CLI Setup (Recommended)
treesitter-chunker setup grammars
treesitter-chunker setup grammars python go java typescript
treesitter-chunker setup grammars --all
treesitter-chunker setup status
treesitter-chunker setup list-available
treesitter-chunker setup clean --builds
treesitter-chunker setup clean --all
Environment Configuration
You can customize where grammars are stored:
export CHUNKER_GRAMMAR_BUILD_DIR="$HOME/.cache/treesitter-chunker/build"
Programmatic Setup
For advanced use cases, you can set up grammars programmatically:
from pathlib import Path
from chunker.grammar.manager import TreeSitterGrammarManager
cache = Path.home() / ".cache" / "treesitter-chunker"
gm = TreeSitterGrammarManager(grammars_dir=cache / "grammars", build_dir=cache / "build")
gm.add_grammar("python", "https://github.com/tree-sitter/tree-sitter-python")
gm.fetch_grammar("python")
gm.build_grammar("python")
Requirements for Building Grammars
Building grammars from source requires:
- C compiler (gcc, clang, or MSVC)
- Git (for fetching grammar sources)
- Python development headers (usually included with Python installation)
🚀 Quick Start
Python Usage
from chunker import chunk_file, chunk_text, chunk_directory
chunks = chunk_file("example.py", "python")
chunks = chunk_text(code_string, "javascript")
for chunk in chunks:
print(f"{chunk.node_type} at lines {chunk.start_line}-{chunk.end_line}")

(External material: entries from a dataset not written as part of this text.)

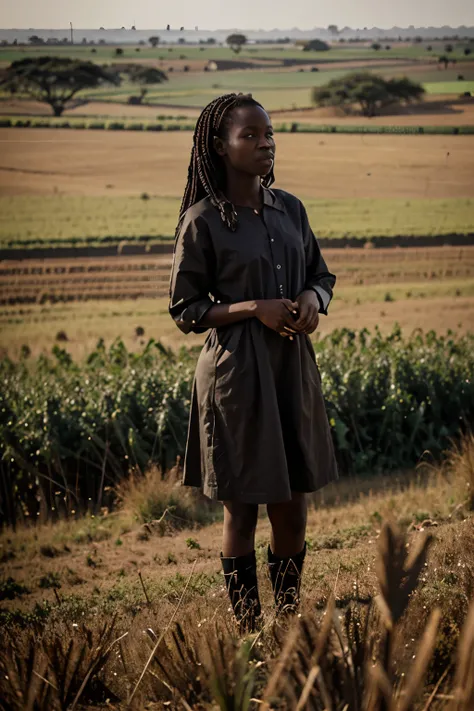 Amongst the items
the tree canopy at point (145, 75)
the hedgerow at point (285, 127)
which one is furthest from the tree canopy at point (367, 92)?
the tree canopy at point (145, 75)

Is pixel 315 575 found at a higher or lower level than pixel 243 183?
lower

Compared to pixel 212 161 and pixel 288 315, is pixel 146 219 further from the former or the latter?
pixel 288 315

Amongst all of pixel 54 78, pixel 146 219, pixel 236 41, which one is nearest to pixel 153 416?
pixel 146 219

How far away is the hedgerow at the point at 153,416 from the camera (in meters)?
6.30

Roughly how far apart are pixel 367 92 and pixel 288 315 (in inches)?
227

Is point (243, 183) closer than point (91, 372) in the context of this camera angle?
Yes

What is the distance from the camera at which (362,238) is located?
807cm

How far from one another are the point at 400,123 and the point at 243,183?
5398 mm

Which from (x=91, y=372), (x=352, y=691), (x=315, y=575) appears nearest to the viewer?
(x=352, y=691)

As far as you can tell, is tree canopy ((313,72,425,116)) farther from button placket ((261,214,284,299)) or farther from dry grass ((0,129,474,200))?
button placket ((261,214,284,299))

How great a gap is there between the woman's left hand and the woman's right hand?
24mm

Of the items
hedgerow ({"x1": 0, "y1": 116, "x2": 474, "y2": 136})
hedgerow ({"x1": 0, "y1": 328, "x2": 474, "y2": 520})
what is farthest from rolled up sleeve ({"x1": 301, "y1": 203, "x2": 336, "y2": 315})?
hedgerow ({"x1": 0, "y1": 116, "x2": 474, "y2": 136})

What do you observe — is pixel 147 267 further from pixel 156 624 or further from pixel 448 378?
pixel 156 624

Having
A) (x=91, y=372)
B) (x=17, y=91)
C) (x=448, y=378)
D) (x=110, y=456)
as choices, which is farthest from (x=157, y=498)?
(x=17, y=91) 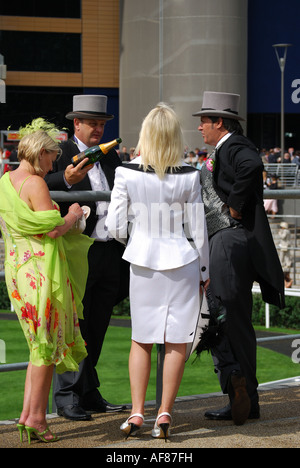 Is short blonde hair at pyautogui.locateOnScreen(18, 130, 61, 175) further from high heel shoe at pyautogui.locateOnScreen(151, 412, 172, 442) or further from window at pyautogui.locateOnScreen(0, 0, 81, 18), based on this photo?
window at pyautogui.locateOnScreen(0, 0, 81, 18)

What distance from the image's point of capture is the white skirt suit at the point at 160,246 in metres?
4.40

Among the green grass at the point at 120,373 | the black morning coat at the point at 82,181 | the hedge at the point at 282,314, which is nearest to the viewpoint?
the black morning coat at the point at 82,181

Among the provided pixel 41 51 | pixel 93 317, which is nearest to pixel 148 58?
pixel 41 51

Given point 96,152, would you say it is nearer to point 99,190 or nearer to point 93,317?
point 99,190

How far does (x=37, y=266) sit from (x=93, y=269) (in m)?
0.92

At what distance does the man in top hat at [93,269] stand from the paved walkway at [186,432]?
14cm

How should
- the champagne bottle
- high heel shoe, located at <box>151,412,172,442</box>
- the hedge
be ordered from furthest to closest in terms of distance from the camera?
the hedge
the champagne bottle
high heel shoe, located at <box>151,412,172,442</box>

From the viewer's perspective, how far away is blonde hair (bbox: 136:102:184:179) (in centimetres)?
436

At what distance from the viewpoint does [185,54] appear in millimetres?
39000

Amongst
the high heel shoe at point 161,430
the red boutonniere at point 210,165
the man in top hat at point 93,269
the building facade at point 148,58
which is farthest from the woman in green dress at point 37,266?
the building facade at point 148,58

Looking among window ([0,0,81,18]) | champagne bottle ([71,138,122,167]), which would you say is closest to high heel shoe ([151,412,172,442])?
champagne bottle ([71,138,122,167])

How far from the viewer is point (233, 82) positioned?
1550 inches

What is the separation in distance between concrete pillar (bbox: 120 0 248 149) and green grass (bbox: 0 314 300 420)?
81.6 ft

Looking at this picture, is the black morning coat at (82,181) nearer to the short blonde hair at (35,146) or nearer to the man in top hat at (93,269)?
the man in top hat at (93,269) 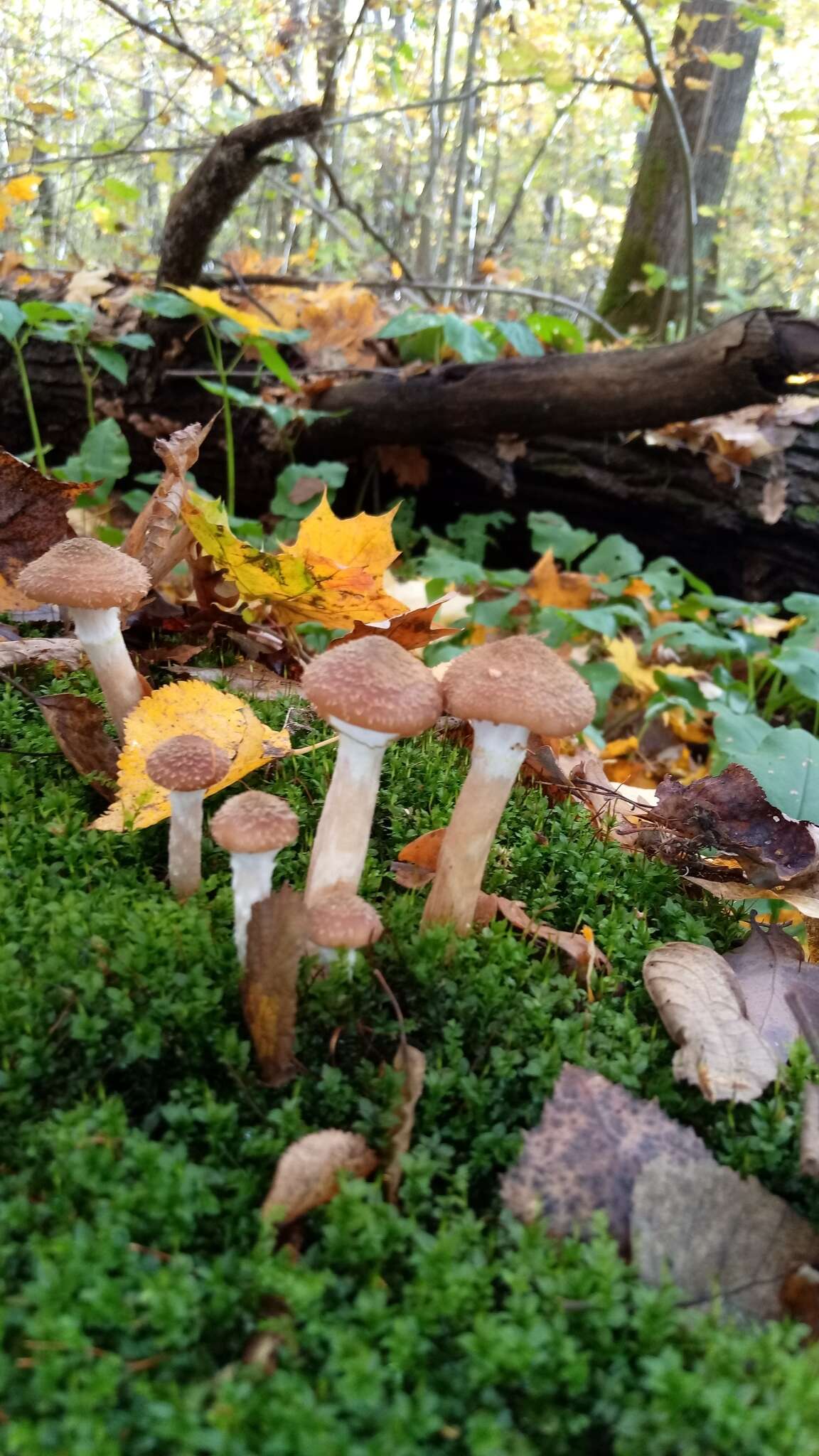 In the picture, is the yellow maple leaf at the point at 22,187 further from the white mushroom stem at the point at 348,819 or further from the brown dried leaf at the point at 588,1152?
the brown dried leaf at the point at 588,1152

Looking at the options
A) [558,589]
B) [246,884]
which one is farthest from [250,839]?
[558,589]

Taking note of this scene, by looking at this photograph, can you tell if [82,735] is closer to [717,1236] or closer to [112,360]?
[717,1236]

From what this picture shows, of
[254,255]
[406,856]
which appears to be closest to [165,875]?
[406,856]

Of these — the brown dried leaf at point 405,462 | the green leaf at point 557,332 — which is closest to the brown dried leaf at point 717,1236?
the brown dried leaf at point 405,462

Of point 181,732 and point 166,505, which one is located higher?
point 166,505

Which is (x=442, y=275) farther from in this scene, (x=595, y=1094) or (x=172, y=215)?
(x=595, y=1094)

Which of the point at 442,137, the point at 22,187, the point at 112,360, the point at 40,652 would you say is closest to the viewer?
the point at 40,652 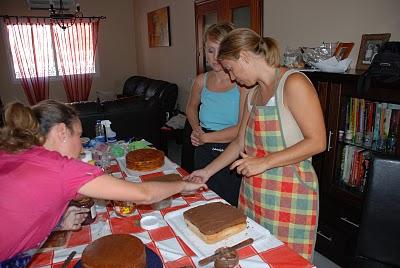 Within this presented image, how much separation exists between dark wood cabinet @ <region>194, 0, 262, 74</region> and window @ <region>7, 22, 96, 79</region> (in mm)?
3280

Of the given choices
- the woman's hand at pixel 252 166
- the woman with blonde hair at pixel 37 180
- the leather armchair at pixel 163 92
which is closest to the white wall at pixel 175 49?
the leather armchair at pixel 163 92

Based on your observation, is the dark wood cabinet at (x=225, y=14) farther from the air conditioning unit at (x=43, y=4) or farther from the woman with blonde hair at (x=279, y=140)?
the air conditioning unit at (x=43, y=4)

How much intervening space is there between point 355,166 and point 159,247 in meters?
1.65

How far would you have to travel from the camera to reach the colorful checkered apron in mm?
1393

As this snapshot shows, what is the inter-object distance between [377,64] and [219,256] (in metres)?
1.44

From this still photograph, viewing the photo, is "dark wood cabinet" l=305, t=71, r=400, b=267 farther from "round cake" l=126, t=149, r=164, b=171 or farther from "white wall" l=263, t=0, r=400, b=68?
"round cake" l=126, t=149, r=164, b=171

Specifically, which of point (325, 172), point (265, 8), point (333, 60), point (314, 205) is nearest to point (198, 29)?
point (265, 8)

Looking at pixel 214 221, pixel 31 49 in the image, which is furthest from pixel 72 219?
pixel 31 49

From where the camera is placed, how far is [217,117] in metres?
2.05

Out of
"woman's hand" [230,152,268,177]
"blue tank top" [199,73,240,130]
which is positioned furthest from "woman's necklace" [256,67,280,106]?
"blue tank top" [199,73,240,130]

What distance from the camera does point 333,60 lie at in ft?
7.17

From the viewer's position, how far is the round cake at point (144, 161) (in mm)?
1850

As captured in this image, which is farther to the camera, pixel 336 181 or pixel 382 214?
pixel 336 181

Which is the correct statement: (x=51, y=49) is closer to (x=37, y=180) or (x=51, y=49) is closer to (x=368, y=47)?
(x=368, y=47)
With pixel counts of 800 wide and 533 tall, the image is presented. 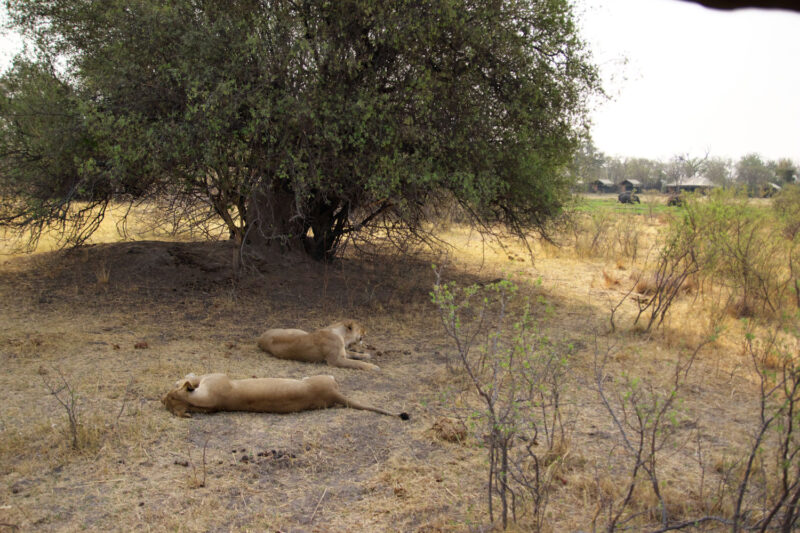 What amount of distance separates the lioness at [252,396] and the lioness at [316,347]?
1.22 meters

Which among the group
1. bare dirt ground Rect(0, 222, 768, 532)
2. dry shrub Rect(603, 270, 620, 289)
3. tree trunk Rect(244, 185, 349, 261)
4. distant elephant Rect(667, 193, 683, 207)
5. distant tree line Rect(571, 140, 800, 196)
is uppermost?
distant tree line Rect(571, 140, 800, 196)

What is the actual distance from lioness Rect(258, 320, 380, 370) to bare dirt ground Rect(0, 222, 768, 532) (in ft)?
0.47

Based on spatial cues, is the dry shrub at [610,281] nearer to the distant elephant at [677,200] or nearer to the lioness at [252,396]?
the distant elephant at [677,200]

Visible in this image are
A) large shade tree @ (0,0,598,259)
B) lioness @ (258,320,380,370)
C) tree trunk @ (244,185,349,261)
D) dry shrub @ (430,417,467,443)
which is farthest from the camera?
tree trunk @ (244,185,349,261)

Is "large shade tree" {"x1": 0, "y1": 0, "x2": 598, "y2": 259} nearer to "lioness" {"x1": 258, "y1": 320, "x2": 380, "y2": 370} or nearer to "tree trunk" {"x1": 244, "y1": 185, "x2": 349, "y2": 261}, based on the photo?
"tree trunk" {"x1": 244, "y1": 185, "x2": 349, "y2": 261}

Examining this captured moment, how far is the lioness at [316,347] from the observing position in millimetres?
6582

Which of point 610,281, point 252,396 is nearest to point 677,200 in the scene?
point 610,281

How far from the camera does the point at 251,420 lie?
5000 millimetres

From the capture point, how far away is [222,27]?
7.88m

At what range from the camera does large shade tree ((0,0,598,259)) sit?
308 inches

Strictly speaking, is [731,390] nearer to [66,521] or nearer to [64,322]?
[66,521]

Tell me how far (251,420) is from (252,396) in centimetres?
20

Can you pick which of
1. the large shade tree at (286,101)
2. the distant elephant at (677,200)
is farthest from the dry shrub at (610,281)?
the large shade tree at (286,101)

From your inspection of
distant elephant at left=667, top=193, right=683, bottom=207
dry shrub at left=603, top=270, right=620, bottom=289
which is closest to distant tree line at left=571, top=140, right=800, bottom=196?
distant elephant at left=667, top=193, right=683, bottom=207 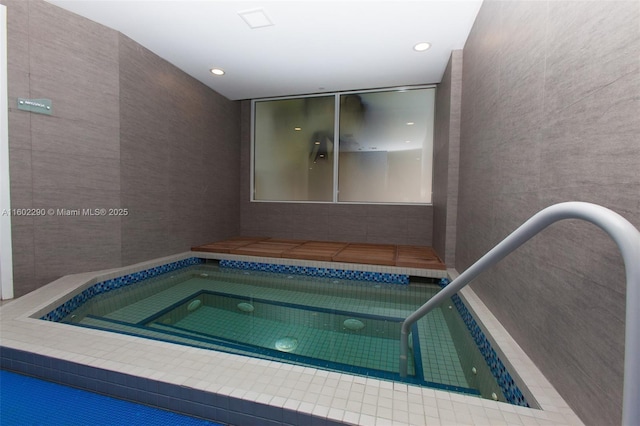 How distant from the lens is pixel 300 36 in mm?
3137

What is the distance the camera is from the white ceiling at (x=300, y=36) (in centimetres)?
266

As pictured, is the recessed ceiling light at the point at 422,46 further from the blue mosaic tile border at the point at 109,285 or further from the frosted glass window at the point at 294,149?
the blue mosaic tile border at the point at 109,285

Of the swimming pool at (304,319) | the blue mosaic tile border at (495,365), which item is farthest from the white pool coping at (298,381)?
the swimming pool at (304,319)

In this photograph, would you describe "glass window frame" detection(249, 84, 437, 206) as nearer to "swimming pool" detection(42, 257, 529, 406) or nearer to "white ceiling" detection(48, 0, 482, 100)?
"white ceiling" detection(48, 0, 482, 100)

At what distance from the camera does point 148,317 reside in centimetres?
244

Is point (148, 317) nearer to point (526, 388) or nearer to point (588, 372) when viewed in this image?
point (526, 388)

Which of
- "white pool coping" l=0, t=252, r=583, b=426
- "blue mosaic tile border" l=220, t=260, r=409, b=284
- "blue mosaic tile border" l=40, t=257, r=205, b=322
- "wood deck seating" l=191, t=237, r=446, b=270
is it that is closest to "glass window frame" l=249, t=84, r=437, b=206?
"wood deck seating" l=191, t=237, r=446, b=270

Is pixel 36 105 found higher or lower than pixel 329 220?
higher

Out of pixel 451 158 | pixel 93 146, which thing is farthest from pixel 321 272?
pixel 93 146

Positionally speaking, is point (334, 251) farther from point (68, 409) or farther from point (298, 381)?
point (68, 409)

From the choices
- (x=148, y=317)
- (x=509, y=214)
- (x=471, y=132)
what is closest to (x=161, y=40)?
(x=148, y=317)

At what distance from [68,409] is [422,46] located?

print(f" Context: {chunk.parent_context or 'module level'}")
Incremental Processing
Efficiently detect changes after edits and update only what changed:
from chunker import DefaultIncrementalProcessor, chunk_file
from pathlib import Path
processor = DefaultIncrementalProcessor()
file_path = Path("example.py")
old_chunks = chunk_file(file_path, "python")
processor.store_chunks(str(file_path), old_chunks)
new_chunks = chunk_file(file_path, "python")
diff = processor.compute_diff(str(file_path), new_chunks)
for added in diff.added:
print("Added:", added.chunk_id)
Smart Context and Natural-Language Query (optional)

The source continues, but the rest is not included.